Pourtant, dans quelques dizaines de kilomètres, les eaux territoriales françaises laisseront la place aux eaux britanniques et cette réalité, à laquelle on ne prêtait plus attention, est devenue depuis quelques mois une grande source de préoccupation sur ces côtes de Bretagne.

Le Brexit va-t-il ériger un mur sur la Manche ?

Dans ce coin de l’ouest de la France, plusieurs activités et communautés risquent en effet de souffrir des conséquences du référendum du 23 juin 2016, à commencer par le secteur qui dépend le plus des courants de l’Atlantique.

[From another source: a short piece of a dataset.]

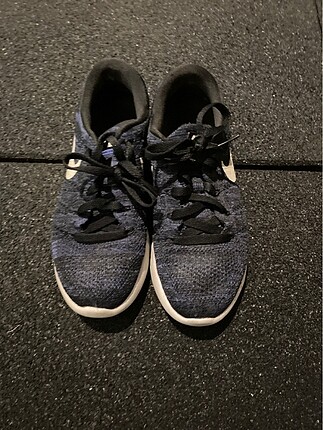 Nike spor ayakkabı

La Bretagne est la première région de France pour la pêche, mais la moitié de ses navires travaillent dans les eaux britanniques. Au port de Lorient (le plus important du pays en termes de valeur de poisson capturé), cette situation devient particulièrement alarmante. Les armateurs qui font de la pêche hauturière – comme Scapêche, le plus important, qui emploie 250 marins et officiers – dépendent pour 80% de leur activité de la Zone économique exclusive (ZEE) du Royaume-Uni.

Au point que « faire sortir les activités hauturières des zones anglaises paraît tout à fait inconcevable », comme l’indiquait récemment au qutidien Les Echos le président de Scapêche, Sylvain Pruvost.

Mais si jusque-là, les chalutiers pouvaient naviguer dans les eaux britanniques grâce à la Politique commune de la pêche (PCP), l’un des programmes les plus aboutis de l’Union européenne (UE), désormais, l’heure est au questionnement : que va-t-il se passer lorsque Londres signera son départ officiel de l’UE ?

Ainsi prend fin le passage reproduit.